Um eine erfolgreiche Behandlung zu erreichen, bedarf es einer sehr genauen medizinischen Aufklärung. Die Akupunktur ist keine alternative Methode, sie schließt die schulmedizinische Diagnose und Behandlung nicht aus. Die Akupunktur ist eine komplementäre Methode, die die schulmedizinische Behandlung sehr unterstützt. Dadurch wird der Zustand des Patienten sehr schnell besser und die Erfolge der Behandlung sind langandauernd. Dazu kommt die Regulation des gestörten Funktionskreises mit einer nachweislichen Abnahme der Anfälligkeit.

Wirkungsweise der Akupunktur

Durch eine Aktivierung der Akupunkturpunkte wird die Energie in den Meridianen so beeinflusst, dass ein geschmeidiger Energiefluss entsteht, wodurch die Symptome nachlassen. Dies ist eine Regulationstherapie, die die bestehenden Symptome mildert und die Schwäche eines Organs oder Funktionskreises behebt. Dadurch wird erreicht, dass die Auffälligkeit in dem kranken Bereich sehr stark und dauerhaft abnimmt.
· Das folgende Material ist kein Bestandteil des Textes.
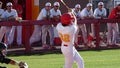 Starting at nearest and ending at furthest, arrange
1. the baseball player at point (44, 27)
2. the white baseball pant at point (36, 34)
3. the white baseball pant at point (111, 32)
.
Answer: the baseball player at point (44, 27) → the white baseball pant at point (36, 34) → the white baseball pant at point (111, 32)

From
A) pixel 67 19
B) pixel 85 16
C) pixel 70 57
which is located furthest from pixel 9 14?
pixel 70 57

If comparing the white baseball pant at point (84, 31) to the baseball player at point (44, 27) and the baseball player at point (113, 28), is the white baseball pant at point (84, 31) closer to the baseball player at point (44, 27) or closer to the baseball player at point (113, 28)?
the baseball player at point (113, 28)

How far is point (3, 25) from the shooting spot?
16.0m

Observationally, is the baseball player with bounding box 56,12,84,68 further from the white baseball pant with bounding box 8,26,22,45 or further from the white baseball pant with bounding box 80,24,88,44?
the white baseball pant with bounding box 80,24,88,44

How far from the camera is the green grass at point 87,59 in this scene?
41.0 ft

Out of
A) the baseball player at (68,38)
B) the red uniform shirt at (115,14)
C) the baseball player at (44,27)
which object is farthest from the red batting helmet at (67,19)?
the red uniform shirt at (115,14)

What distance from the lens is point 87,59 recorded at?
45.8 feet

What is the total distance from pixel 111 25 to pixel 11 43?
14.9 feet

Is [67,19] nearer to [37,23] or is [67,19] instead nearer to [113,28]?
[37,23]

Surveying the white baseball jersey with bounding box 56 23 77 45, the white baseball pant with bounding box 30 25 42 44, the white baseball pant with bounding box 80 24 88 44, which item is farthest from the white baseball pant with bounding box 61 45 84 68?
the white baseball pant with bounding box 80 24 88 44

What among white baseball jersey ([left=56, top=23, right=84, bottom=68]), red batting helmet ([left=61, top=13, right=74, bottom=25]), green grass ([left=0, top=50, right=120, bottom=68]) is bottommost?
green grass ([left=0, top=50, right=120, bottom=68])

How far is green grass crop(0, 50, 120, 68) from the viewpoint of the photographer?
12.5 m

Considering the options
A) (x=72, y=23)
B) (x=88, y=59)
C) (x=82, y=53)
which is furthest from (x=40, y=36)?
(x=72, y=23)

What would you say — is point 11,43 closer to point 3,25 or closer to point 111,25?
point 3,25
Akupunktur wirkt heilend bei gestörten Organfunktionen und lindert Beschwerden auch bei fortgeschrittener Zerstörung von Strukturen. Wirkungsvoll regt sie die Selbstheilungskräfte des Körpers an und trägt zur seelischen und körperlichen Gesundheit bei: eine ganzheitliche Therapie für den „ganzen Menschen“. Sie kann schulmedizinische Therapien optimal ergänzen und eignet sich als Diagnosemethode bei unklaren Beschwerden.
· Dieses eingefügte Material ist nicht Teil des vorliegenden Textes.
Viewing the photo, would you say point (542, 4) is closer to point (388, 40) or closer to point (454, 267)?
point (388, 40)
Eine Sitzung dauert in der Regel 30 bis 45 Minuten. Viele Menschen verspüren danach eine deutliche Entspannung. Beschwerden und Schmerzen lassen oft schon nach den ersten Sitzungen spürbar nach. Meist sind etwa 10 Sitzungen nötig, wobei zwei – oder auch mehr – Sitzungen pro Woche üblich sind.

Wann hilft Akupunktur?

Immer! Die einzigen Einschränkungen sind:

  • Strukturell geschädigte Organe, bei denen man keine Heilung mehr erreichen kann. Trotzdem kann man eine Besserung des Befindens erreichen.
  • Genetisch bedingte Krankheiten
  • Tiefe psychische Störungen

Ganz besonders gut wirkt die Akupunktur bei Schmerzen, Allergien und häufig wiederkehrenden Erkältungskrankheiten.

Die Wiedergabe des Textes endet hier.